# TASK TO COMPLETE:
All of the listing should be returned as written, apart from any picture in it.

# PROVIDED MATERIAL:

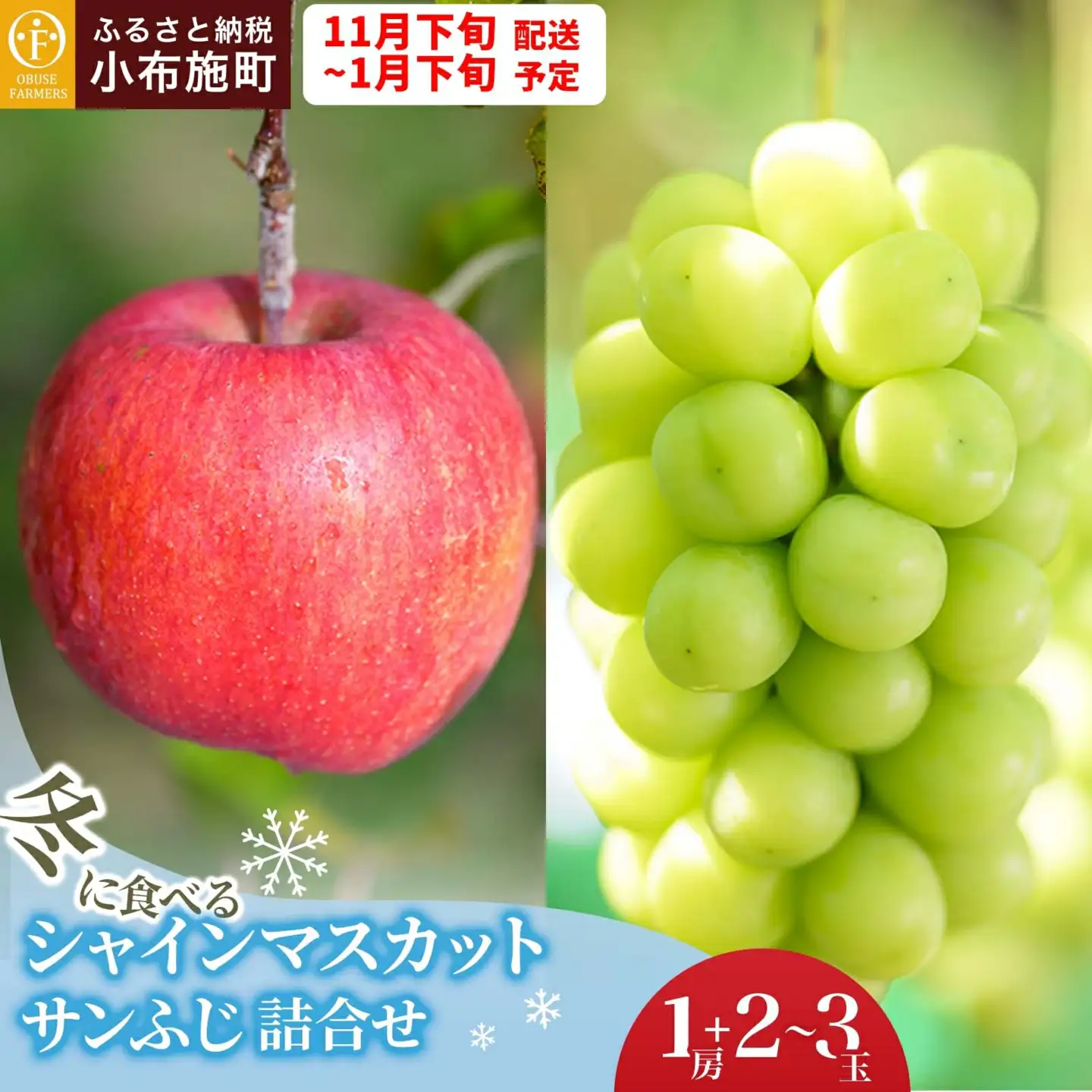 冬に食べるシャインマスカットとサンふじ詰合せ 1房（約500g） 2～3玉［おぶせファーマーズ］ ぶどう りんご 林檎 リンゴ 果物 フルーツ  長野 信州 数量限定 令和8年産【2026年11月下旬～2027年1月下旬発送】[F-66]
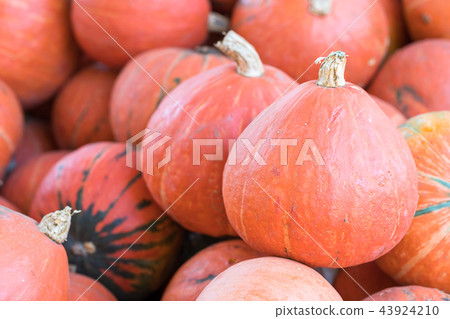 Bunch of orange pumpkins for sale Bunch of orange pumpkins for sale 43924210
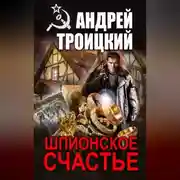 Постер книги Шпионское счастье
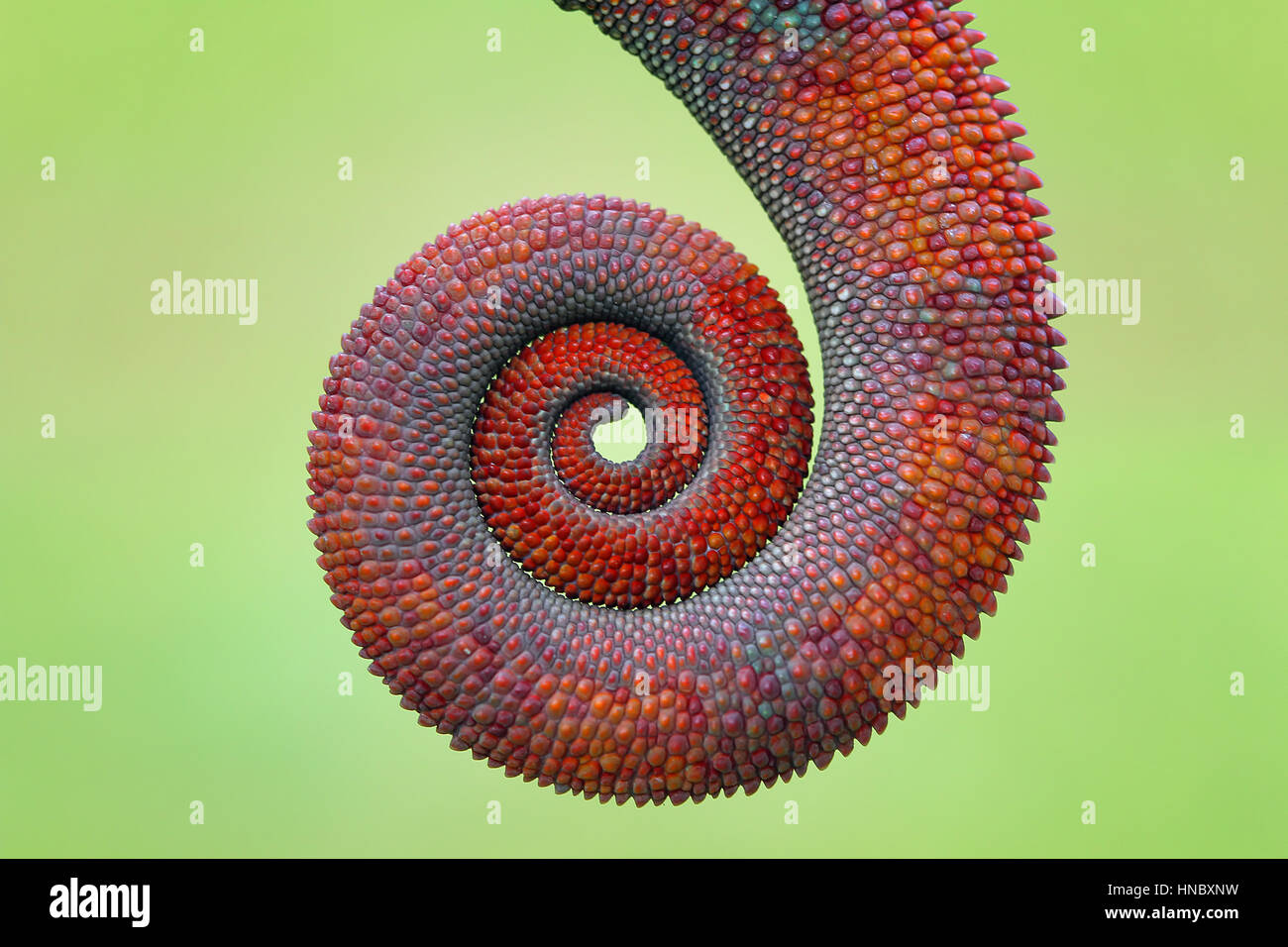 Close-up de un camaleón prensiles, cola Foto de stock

# SOLUTION FOR THIS TASK:
 冬に食べるシャインマスカットとサンふじ詰合せ 1房（約500g） 2～3玉［おぶせファーマーズ］ ぶどう りんご 林檎 リンゴ 果物 フルーツ  長野 信州 数量限定 令和8年産【2026年11月下旬～2027年1月下旬発送】[F-66]
 Bunch of orange pumpkins for sale Bunch of orange pumpkins for sale 43924210
 Постер книги Шпионское счастье
 Close-up de un camaleón prensiles, cola Foto de stock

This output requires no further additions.